Published in UAB Insight, Fall 2007
UAB Liver Center Trials for HCV
Hepatitis C virus (HCV) infects an estimated 4 million Americans. Eighty percent of these individuals develop chronic disease, making it the leading cause of liver transplantation.
The cornerstone of care for chronic hepatitis C is the combination of peginterferon alfa-2a/b and ribavirin, which is effective for up to 90% of patients with genotype 2 or 3 HCV and between 40% and 50% of those with genotype 1. HCV has at least six distinct genotypes, which play a significant role in therapeutic decisions.
“Up to 15% of HCV patients cannot tolerate labor-intensive interferon therapy, which is notorious for adverse side effects. Ribavirin adds to that burden, and poor adherence is common,” says UAB hepatologist Michael B. Fallon, MD.

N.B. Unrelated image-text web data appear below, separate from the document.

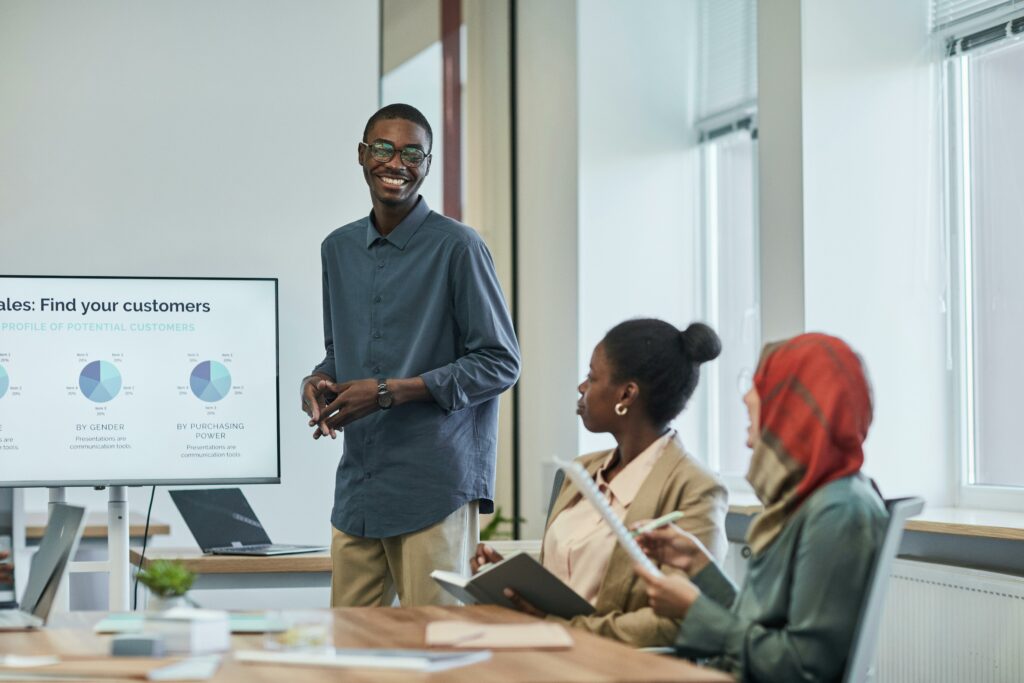 Positive and diverse team in a modern office discussing market analytics during a business meeting.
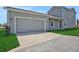 Side view of a two-car garage with a gray door and a well-kept lawn at 9019 Rothman Ln, Lakewood Ranch, FL 34240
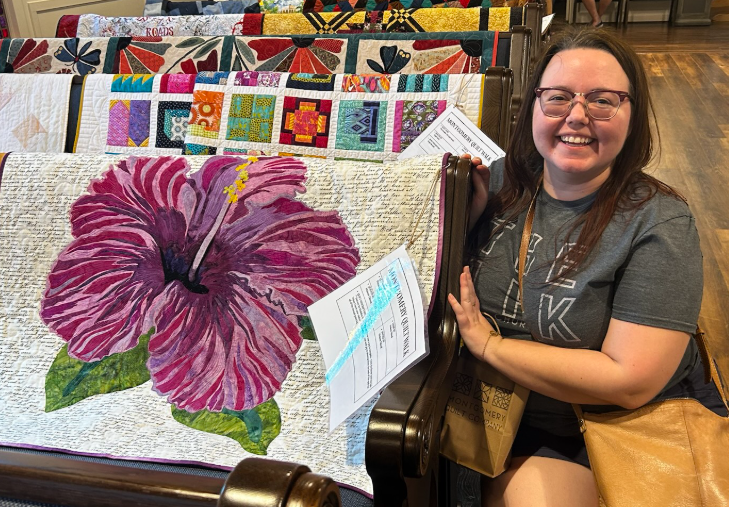 A smiling woman sits beside a colorful quilt displaying a large pink hibiscus flower, surrounded by various other quilts in a quilt show at a church. 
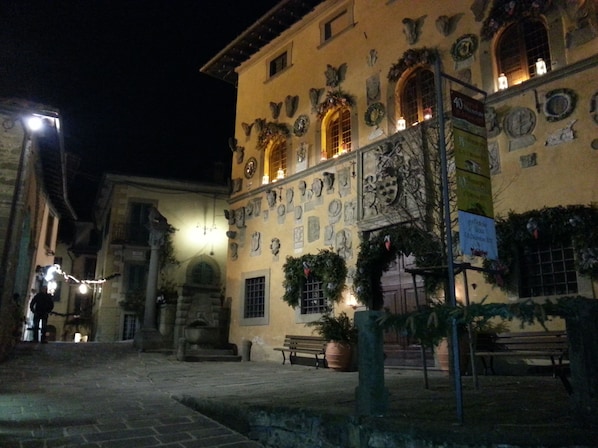 A historic building with stone facades, multiple windows, and outdoor seating areas.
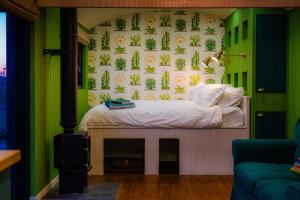 a bedroom with a bed in a room with green walls at Gooseberry Shepherds Hut in Worcester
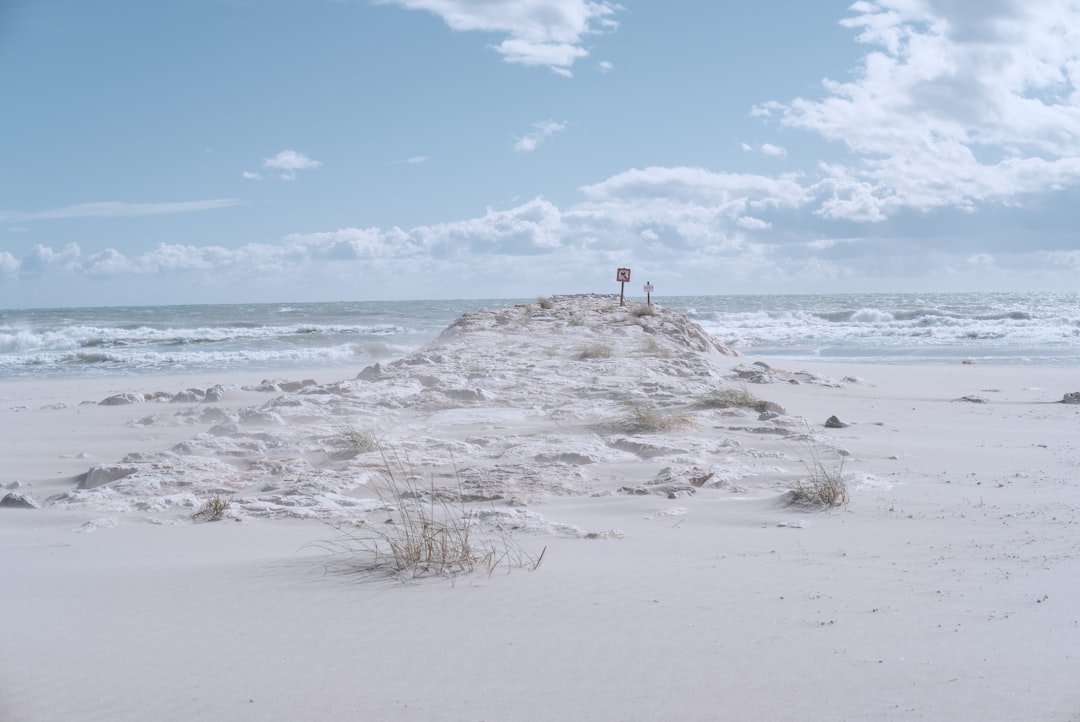 person standing on white sand near sea under blue sky during daytime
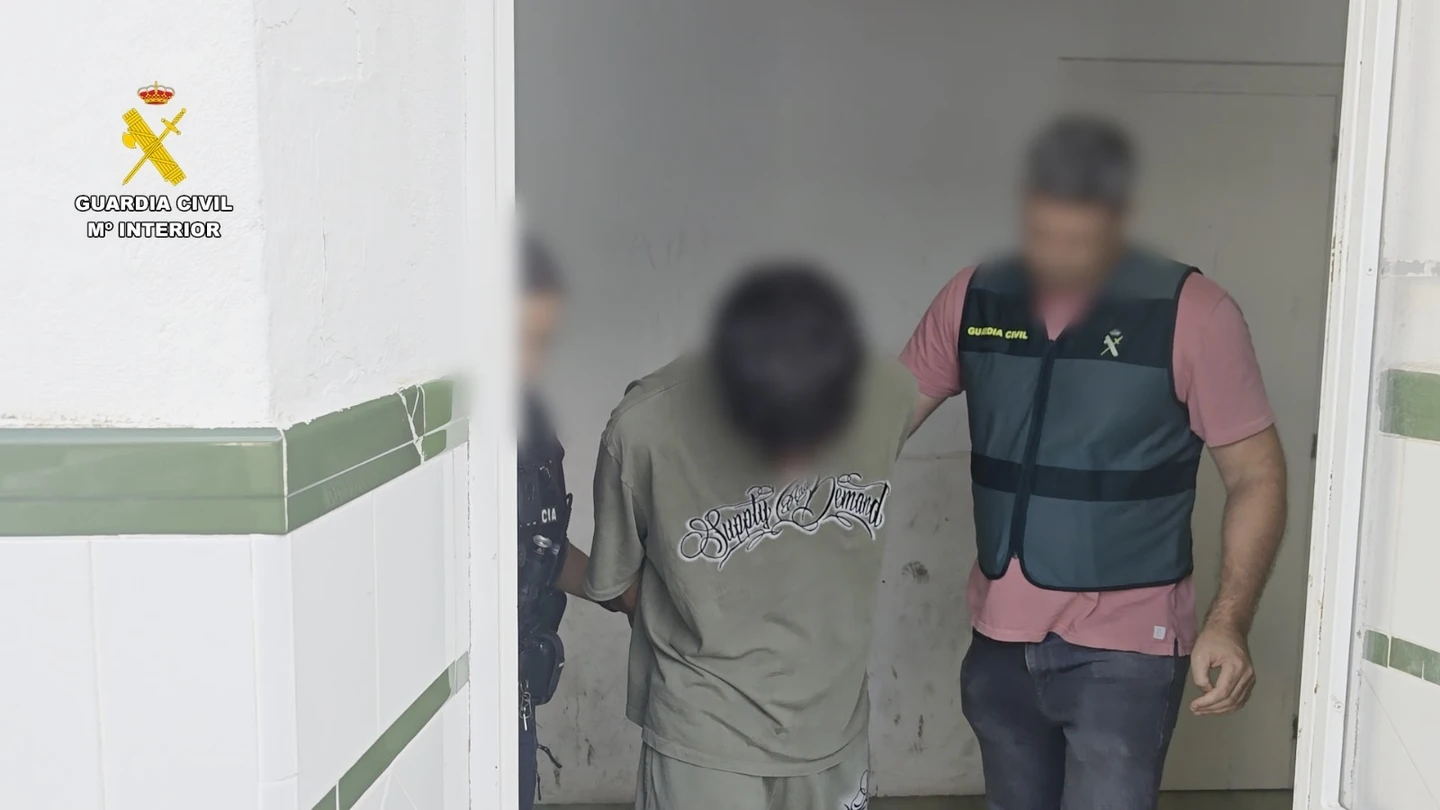 Un agente de la Guardia Civil, con uno de los detenidos. Un agente de la Guardia Civil, con uno de los detenidos.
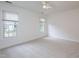 Bedroom with two windows and a ceiling fan at 6756 Olde Province Ct, Raleigh, NC 27609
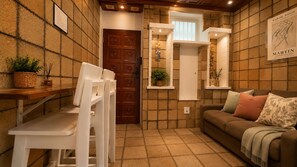 A cozy room with a wooden door, a white table with chairs, a brown sofa with cushions, and a wall-mounted shelf with a plant. - Sea view and bathtub in Copacabana, metro nearby (Rio de Janeiro)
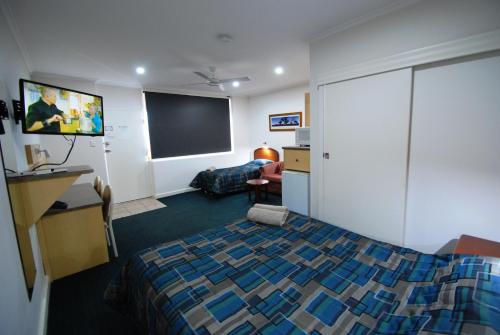 a hotel room with a bed and a flat screen tv at Comfort Inn & Suites Augusta Westside in Port Augusta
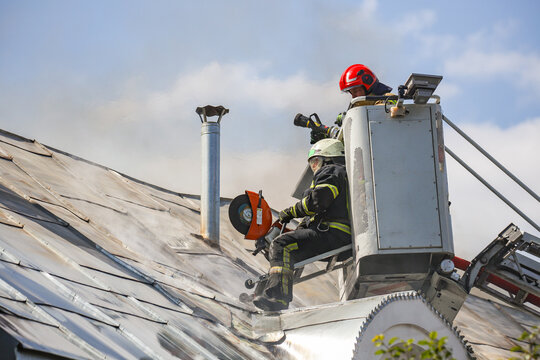 Fire in the church temple. The church cathedral is on fire. Heavy smoke in the temple area. The roof of the cathedral caught fire. Fire in the church.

Treatment with combination pegylated interferon and ribavirin may be required for a year or longer. The UAB Liver Center’s clinical trials group is dedicated to finding novel approaches to fine-tune and shorten treatment duration. “Shorter regimens are better tolerated and more likely to result in adherence a key factor in positive treatment outcomes,” Fallon says. Several clinical trials are underway examining novel small molecules and alternative doses of ribavirin and pegylated interferon. “We are using the latest agents combined with new approaches for patients who are refractory to standard treatment or who have complicating comorbidities, such as HIV or end-stage renal disease,” he says.
Multicenter studies at UAB are assessing the safety and efficacy of various pegylated interferon and ribavirin combinations. Investigators are recruiting patients for a trial evaluating higher doses of peginterferon alfa-2a (Pegasys) or higher ribavirin doses in individuals with genotype 1 to achieve an improved virological response.
A second study compares efficacy and safety of albumin interferon alfa-2b and ribavirin to the current standard of care in treatment naïve patients. Early studies have shown albumin interferon-alfa 2b induces antiviral responses in this population and those refractory to a peginterferon and ribavirin combination. This combination will extend time between doses, increasing regimen convenience.
The Liver Center is enrolling patients in a trial evaluating daily consensus interferon (Infergen) and ribavirin in partial responders or nonresponders to previous interferon therapy. This study is open to HCV monoinfected and HIV coinfected patients.
Liver Center investigators are considering new trials to discover medications for hard-to-treat populations, such as nonresponders and patients with thrombocytopenia, insulin resistance, and HIV. Treatment options for patients with hepatitis B also are a research interest.
Comprehensive Care
Clinical and translational research are key components of UAB’s Liver Center, which offers patients comprehensive care, education, support, and serves as a resource for physicians with patients diagnosed with HCV and other liver diseases.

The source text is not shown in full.